The Return of Cold Showers

Several years ago on this blog, I posted a little bit about cold showers. It was one of many health experiments that caught my attention. My interest was building resiliency, strengthening the immune system, and possibly fat loss. Over the years, I came to believe the fat loss angle probably trivial at best. Strengthening the immune system was there but seemed unmeasurable. However, the resiliency was real.

Because I get interested in so many things health-related, I confess that I got out of the habit of doing the cold water rinse at the end of my showers. Then COVID arrived and I was looking for any tool I could to improve my immune system. With advocates such as Wim Hof stating that cold showers could reduce inflammation and strengthen the immune system, I was back on board. Daily cold showers.

Since spring, I have been taking cold showers. Only, I am not doing them as I did back in 2011-2014. Instead of doing a simple 30-second blast between my shoulder-blades and leg rinse, I’ve upped it to the entire body starting with the face.

No Decision To Make

I used to have to both remember to finish my shower with cold water and decide if I wanted to take a cold shower that morning. Often I’d be finished with the shower only to remember that I had meant to do a cold water finish. I needed a reminder.

For that, I put this little toy in my shower. It is Sterling Archer from the animated show. The only thing Archer means to me is a cold shower. When I see it, I am reminded to take a cold shower.

archer in shower

The second obstacle was removed because I have already decided that EVERY SINGLE DAY my shower will end with cold water. No choice. Just like I have no choice to not do a Duolingo lesson every morning (my streak is now 1851 days).

Resiliency Achieved

A month ago, my home lost hot water for a week. The outside temperature was near freezing, so the water coming into the house was very cold. Not “summer cold” but damn cold.

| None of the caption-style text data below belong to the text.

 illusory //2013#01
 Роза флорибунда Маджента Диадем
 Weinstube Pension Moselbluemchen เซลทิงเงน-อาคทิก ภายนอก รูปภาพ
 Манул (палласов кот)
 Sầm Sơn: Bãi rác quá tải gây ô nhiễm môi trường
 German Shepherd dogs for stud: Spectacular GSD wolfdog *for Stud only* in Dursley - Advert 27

For one week, I no longer had the luxury of starting the shower hot and finishing cold. It was all cold. And I was fine.


If you are starting from zero, I still recommend at the end of the hot shower to gradually reduce the temperature and aim the cold water between your shoulder blades for 30 seconds. Then add the arms and legs. Once you get more comfortable add the face and chest.

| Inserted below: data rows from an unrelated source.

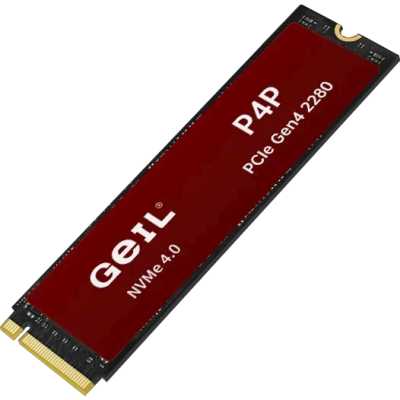 GeIL P4P 2Tb P4PWK23C2TBA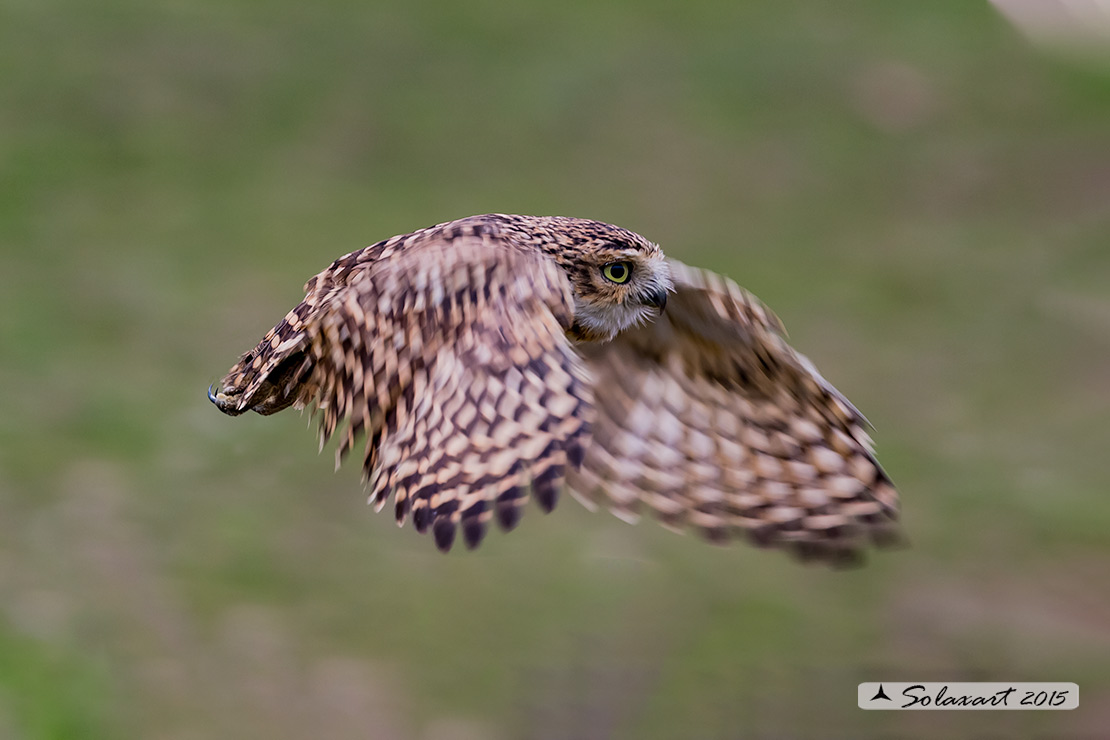 Athene noctua: Civetta - Little Owl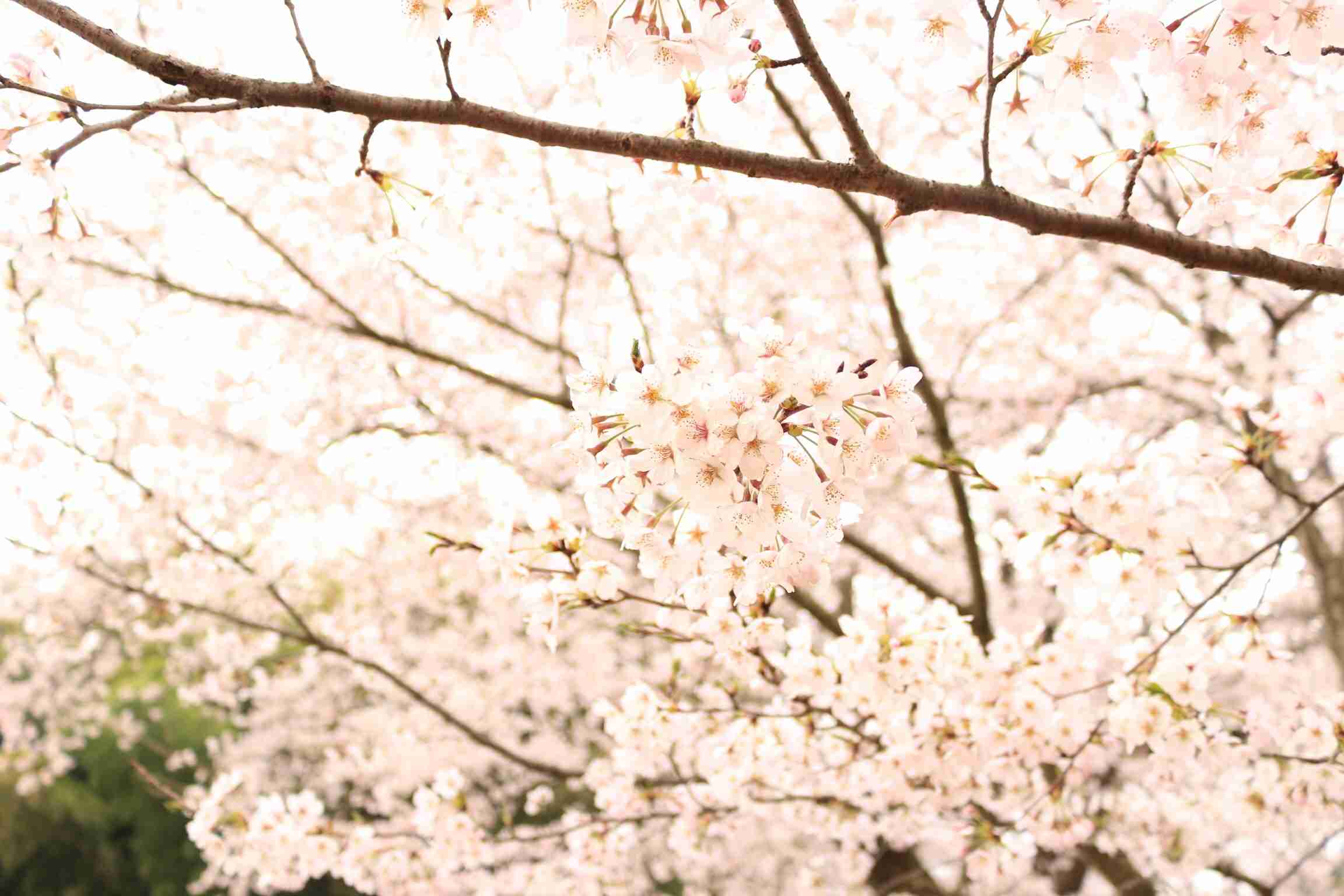 今年撮れた桜の写真「とっておきの一枚」♡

Don’t hold your breath when bracing for cold impact. In fact, do the opposite. Do a few deep breathes prior to flipping the water to cold and continue to breathe deeply during the cold shower.

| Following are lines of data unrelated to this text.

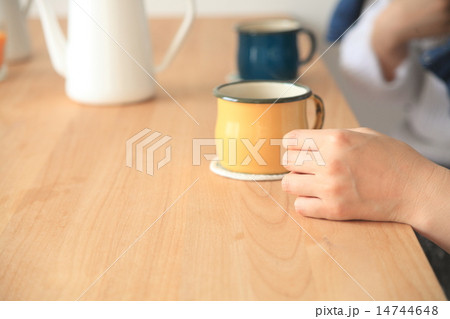 お茶をしている女の子達 お茶をしている女の子達 14744648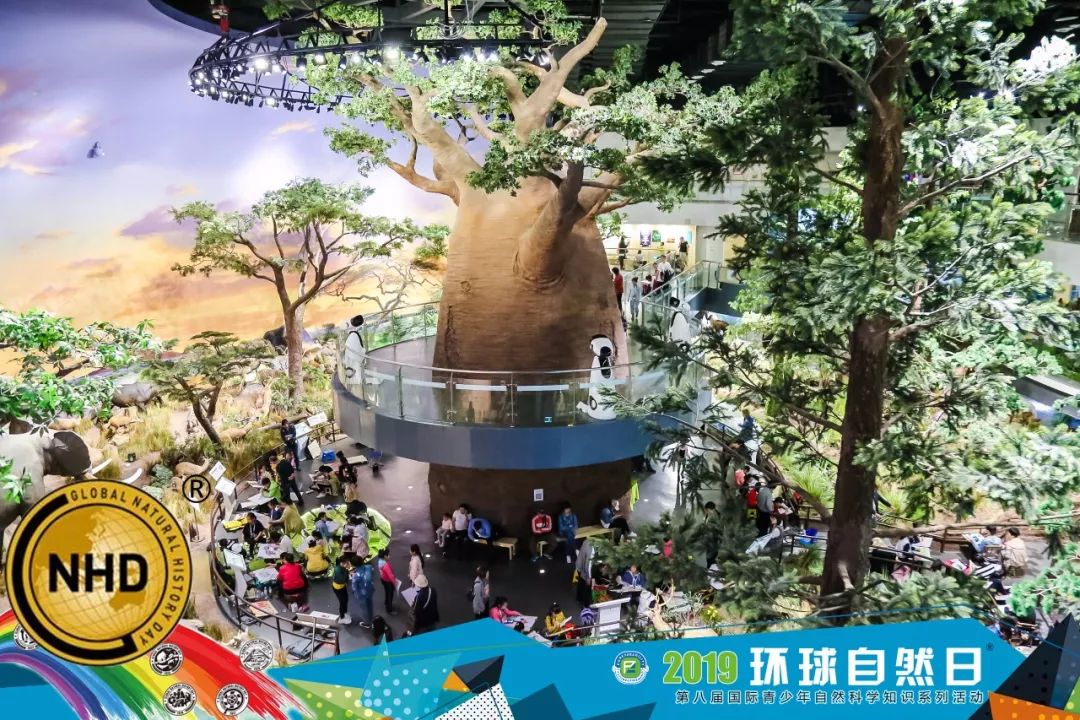 2019环球自然日山东赛区青岛决赛在青岛贝林自然博物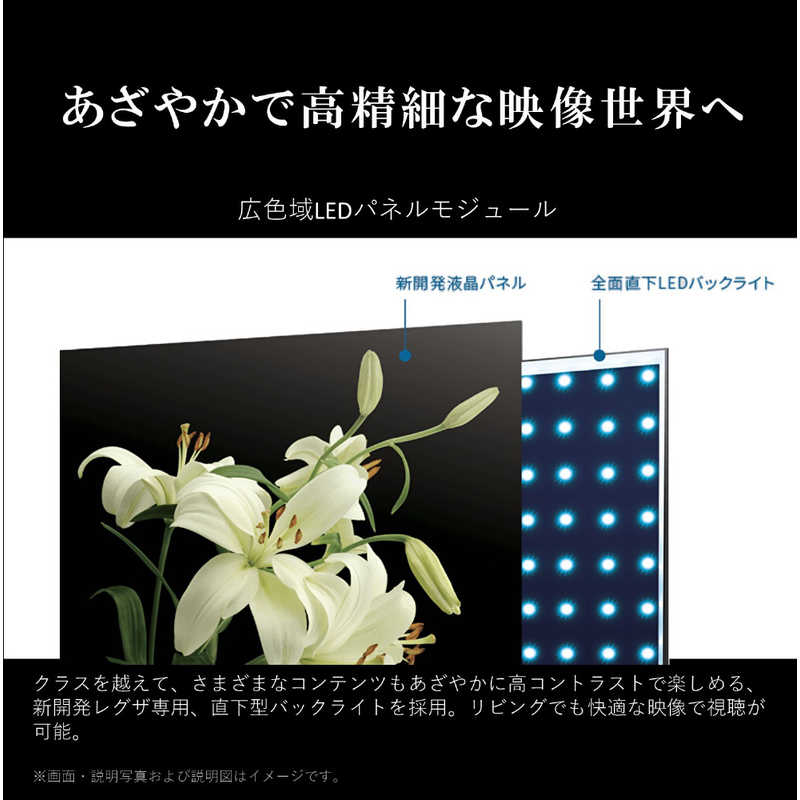 TVS REGZA 液晶テレビ REGZA(レグザ) [43V型 /Bluetooth対応 /4K対応 /BS・CS 4Kチューナー内蔵 /YouTube対応] 43M550M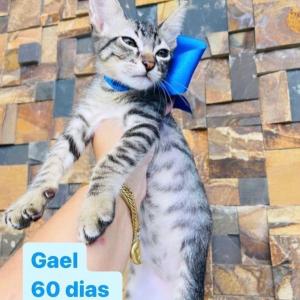 Imagem da notícia GATINHOS DISPONÍVEIS PARA ADOÇÃO RESPONSÁVEL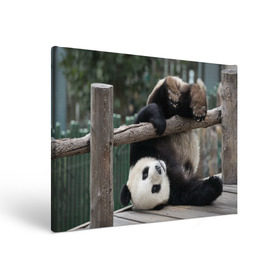 Холст прямоугольный с принтом Паркур панда в Тюмени, 100% ПВХ |  | бамбук | животное | медведь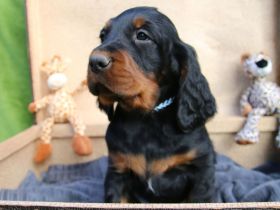 Gordon Setter Welpen mit Papieren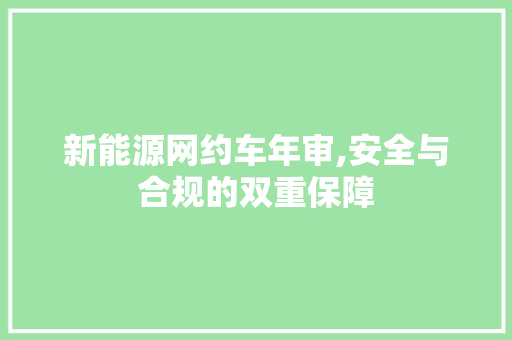 新能源网约车年审,安全与合规的双重保障 汽车配件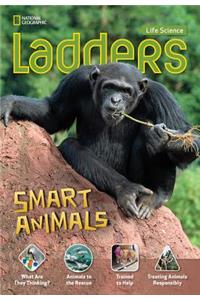 Ladders Science 4: Smart Animals (Above-Level)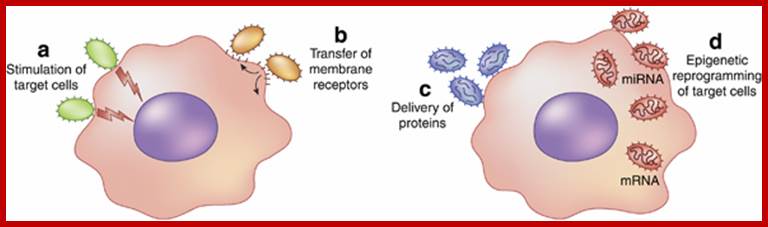 Unfortunately we are unable to provide accessible alternative text for this. If you require assistance to access this image, please contact help@nature.com or the author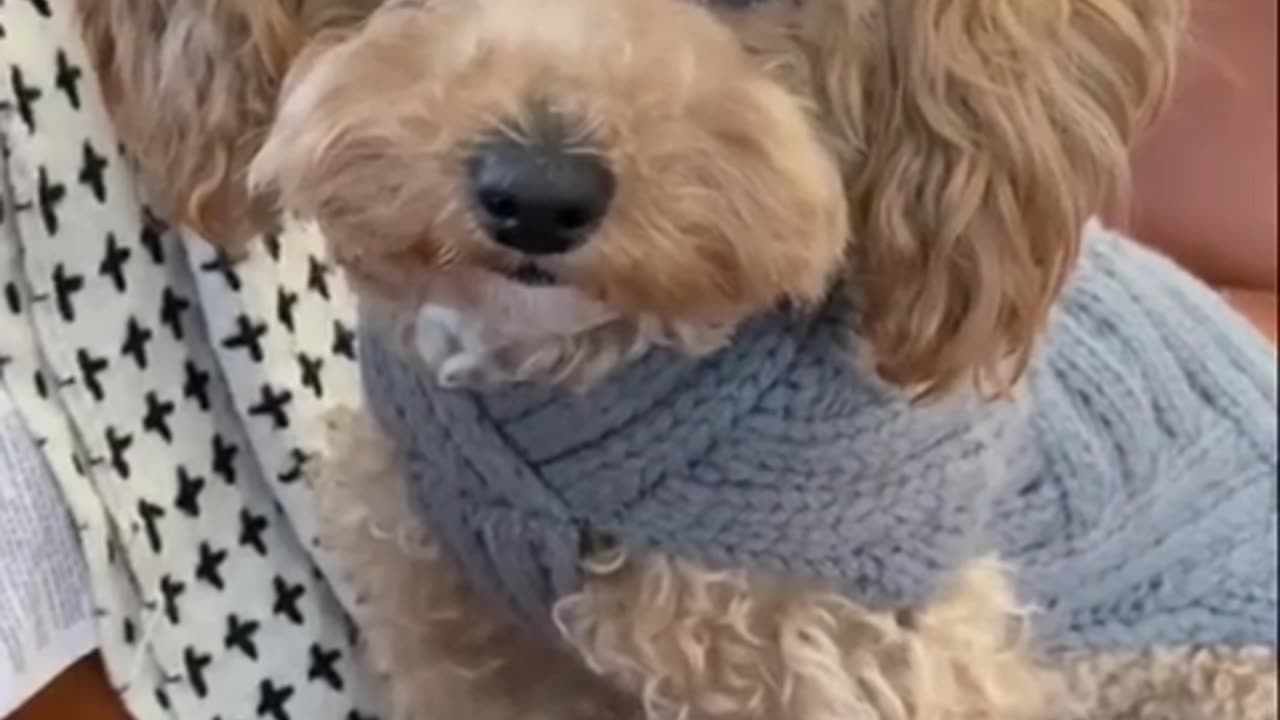 Cute and Funny dog Videos Compilation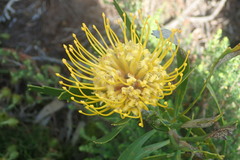 Leucospermum cuneiforme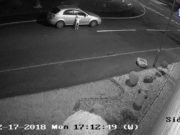 Video Footage Shows Owner Abandoning a Dog by Roadside Video Footage Shows Owner Abandoning a Dog by Roadside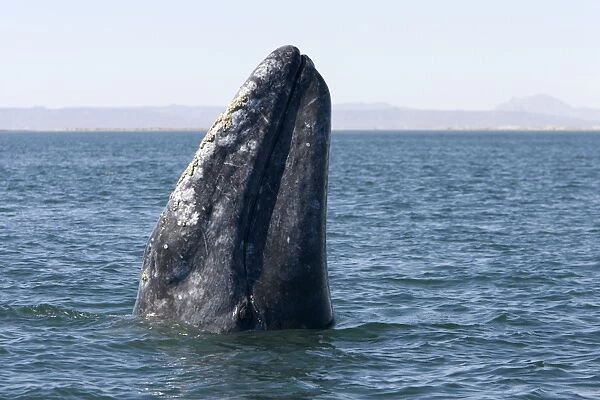 Gray Whale, spyhopping. San Ignacio Lagoon, Baja California South, Mexico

Wim Hof likes his followers to work up to a 2-minute cold shower finish. That is where I am at.

The more you do cold showers, the easier they get. Soon you’ll be on autopilot. You will build resiliency and you might strengthen your immune system. And it doesn’t cost anything.


Add yours

  1. Is there any solid, recent research supporting this practice?

  2. @Glenn – Good question. Wim Hof just published his book. I plan to read it as he is the one making the loudest claims. Maybe the support for his claims are referenced there?

  3. I look forward to reading more from you on this and other topics. If I find any research I’ll send it your way.

  4. I’m sticking with hot showers. Enjoy!

  5. For what it’s worth I recently heard a druid say that cold water cleanses the etheric body which is beneficial.

  6. I used to do cold showers to wake me up at the start of the day. Now that I’ve shifted to exercising in the mornings instead of evenings, I fear that cold therapy after my workout will hinder the positive stress response and interfere with hypertrophy/strength gains (there’s research showing this, but on submersion via ice baths, whether or not it applies also to cold showers as well is debatable, but I’m erring on the side of caution). For that reason, and not wanting to take one before morning workouts (the antithesis of a pre-workout warm-up!), I’m planning on doing freezing shower or ice baths in the evenings from now on. I’ve never done it later in the day, some people report a beneficial affect that aids in falling asleep more quickly, so I’m hoping I see that. I still try, when available, to use dry saunas or IR saunas after my morning workouts to get heat therapy as well and post-workout has a positive affect on hypertrophy/muscle repair.